Each line in the data holding "Solo" should be listed.

-------- SUPPLIED RECORDS --------

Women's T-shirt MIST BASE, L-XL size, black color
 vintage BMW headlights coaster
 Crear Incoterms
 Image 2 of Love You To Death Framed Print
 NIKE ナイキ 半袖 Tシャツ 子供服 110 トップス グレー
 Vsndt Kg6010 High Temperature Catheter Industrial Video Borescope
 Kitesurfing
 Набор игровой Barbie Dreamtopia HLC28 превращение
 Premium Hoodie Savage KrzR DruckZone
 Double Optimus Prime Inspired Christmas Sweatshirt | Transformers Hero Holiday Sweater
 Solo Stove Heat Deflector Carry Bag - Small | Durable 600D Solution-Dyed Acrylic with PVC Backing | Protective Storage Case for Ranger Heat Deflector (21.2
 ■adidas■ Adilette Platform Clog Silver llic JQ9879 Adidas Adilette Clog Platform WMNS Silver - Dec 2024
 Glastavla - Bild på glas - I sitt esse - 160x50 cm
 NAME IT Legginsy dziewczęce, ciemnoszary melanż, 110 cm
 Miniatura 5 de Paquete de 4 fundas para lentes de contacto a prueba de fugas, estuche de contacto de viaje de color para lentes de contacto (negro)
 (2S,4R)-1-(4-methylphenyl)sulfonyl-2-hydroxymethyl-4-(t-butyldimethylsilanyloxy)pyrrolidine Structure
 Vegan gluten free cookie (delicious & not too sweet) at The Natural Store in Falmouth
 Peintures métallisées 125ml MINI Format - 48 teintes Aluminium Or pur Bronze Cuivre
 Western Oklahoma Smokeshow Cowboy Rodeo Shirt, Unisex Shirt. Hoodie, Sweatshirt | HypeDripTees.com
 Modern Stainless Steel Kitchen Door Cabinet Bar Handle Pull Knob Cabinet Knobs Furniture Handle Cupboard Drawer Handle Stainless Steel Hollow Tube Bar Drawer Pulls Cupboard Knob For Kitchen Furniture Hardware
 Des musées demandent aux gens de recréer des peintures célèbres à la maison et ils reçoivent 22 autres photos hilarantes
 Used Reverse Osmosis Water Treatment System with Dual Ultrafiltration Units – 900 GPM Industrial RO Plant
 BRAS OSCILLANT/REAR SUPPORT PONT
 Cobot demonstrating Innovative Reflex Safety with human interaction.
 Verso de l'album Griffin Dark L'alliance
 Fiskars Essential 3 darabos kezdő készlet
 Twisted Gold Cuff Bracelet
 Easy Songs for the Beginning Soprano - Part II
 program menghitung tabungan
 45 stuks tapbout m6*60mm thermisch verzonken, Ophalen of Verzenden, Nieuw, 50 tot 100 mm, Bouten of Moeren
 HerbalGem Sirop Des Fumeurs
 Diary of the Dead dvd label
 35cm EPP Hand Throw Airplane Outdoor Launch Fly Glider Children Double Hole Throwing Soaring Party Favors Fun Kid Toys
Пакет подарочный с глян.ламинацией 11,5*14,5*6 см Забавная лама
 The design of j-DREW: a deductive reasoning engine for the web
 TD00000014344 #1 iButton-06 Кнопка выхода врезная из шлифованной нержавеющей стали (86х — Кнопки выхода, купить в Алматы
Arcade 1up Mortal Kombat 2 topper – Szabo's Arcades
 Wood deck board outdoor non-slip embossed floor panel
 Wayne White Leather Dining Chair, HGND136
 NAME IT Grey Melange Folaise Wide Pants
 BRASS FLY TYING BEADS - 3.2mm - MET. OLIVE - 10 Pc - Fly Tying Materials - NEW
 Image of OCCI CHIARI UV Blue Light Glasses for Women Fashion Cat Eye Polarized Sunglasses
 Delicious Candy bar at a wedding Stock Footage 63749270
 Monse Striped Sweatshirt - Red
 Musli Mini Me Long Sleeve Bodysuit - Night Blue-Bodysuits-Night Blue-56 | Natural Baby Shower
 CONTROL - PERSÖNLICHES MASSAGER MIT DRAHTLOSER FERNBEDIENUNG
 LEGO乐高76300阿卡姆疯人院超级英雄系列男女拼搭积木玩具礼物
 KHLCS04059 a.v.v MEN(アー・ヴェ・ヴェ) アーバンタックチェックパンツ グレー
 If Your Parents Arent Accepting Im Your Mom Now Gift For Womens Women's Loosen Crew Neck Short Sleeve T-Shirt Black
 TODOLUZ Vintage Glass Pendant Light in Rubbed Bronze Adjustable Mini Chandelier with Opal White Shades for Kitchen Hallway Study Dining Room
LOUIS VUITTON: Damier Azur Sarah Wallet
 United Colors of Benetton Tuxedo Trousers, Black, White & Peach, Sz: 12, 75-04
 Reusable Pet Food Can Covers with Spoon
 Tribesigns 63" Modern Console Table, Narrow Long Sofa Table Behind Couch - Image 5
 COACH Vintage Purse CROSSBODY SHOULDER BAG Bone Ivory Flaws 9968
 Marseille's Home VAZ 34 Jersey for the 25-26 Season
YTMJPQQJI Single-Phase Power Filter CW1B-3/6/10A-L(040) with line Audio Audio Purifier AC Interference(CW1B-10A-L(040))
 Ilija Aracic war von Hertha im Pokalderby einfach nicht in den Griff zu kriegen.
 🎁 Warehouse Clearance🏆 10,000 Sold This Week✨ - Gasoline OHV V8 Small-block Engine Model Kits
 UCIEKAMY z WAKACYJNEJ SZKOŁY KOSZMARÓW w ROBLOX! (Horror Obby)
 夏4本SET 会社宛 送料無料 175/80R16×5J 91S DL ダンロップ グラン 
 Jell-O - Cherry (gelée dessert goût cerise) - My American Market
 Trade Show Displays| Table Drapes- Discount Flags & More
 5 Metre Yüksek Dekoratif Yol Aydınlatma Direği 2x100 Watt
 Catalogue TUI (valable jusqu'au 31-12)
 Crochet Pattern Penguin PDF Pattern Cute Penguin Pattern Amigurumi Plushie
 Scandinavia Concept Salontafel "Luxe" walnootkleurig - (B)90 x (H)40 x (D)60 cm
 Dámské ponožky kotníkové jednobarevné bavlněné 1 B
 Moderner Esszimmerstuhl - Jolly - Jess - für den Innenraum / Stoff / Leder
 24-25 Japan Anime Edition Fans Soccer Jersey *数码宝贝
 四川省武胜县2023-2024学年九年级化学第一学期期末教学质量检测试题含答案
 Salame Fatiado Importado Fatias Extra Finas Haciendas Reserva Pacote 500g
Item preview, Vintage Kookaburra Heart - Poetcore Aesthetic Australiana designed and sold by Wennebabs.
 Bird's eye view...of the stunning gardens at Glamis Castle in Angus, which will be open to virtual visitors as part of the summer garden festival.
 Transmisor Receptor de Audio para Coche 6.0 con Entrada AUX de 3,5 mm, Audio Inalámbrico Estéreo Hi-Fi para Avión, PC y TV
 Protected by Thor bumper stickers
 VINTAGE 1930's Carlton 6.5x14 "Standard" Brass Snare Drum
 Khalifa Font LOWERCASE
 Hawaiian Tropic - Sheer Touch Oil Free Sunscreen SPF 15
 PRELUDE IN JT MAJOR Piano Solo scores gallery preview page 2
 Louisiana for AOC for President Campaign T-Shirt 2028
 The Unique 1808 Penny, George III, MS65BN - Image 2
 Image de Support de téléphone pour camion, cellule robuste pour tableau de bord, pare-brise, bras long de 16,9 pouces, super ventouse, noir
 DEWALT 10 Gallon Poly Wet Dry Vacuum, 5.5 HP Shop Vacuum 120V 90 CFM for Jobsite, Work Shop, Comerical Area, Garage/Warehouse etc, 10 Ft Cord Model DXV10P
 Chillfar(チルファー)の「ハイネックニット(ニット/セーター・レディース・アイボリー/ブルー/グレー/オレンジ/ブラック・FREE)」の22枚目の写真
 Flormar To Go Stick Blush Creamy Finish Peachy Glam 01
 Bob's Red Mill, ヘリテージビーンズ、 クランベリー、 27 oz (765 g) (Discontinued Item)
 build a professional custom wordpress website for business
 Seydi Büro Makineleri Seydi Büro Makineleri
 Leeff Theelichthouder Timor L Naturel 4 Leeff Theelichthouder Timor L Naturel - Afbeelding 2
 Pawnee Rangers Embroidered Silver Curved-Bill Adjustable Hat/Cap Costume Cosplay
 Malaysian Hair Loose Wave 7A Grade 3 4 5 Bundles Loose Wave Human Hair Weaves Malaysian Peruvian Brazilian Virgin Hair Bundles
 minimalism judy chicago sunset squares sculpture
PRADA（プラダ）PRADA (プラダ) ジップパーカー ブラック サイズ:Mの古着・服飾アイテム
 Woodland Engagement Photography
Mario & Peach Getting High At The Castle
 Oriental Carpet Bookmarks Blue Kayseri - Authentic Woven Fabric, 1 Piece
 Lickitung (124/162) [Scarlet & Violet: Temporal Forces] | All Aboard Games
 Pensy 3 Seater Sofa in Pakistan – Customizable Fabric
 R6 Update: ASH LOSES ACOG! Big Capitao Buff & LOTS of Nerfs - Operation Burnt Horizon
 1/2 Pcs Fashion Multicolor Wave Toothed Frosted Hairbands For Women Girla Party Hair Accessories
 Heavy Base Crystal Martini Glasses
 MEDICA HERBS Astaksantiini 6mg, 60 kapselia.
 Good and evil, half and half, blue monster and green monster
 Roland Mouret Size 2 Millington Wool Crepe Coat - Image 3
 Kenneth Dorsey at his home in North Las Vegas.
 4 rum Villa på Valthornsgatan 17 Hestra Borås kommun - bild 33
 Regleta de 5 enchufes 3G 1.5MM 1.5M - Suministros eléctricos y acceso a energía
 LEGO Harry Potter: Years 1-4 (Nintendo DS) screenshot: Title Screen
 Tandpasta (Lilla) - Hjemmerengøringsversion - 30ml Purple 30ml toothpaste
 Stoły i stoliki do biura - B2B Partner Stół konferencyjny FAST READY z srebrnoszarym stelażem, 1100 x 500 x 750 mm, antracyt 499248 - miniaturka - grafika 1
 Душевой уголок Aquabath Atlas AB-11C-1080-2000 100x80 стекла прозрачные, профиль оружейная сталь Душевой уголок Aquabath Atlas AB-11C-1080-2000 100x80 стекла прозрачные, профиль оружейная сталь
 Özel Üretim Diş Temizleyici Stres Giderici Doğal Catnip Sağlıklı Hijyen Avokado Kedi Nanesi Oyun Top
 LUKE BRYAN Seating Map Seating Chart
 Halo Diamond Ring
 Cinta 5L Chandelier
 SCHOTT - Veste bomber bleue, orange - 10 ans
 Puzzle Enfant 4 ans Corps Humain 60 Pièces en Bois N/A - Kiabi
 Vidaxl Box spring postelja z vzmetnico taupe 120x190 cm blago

--------

WRITTEN ANSWER>
 Solo Stove Heat Deflector Carry Bag - Small | Durable 600D Solution-Dyed Acrylic with PVC Backing | Protective Storage Case for Ranger Heat Deflector (21.2
 PRELUDE IN JT MAJOR Piano Solo scores gallery preview page 2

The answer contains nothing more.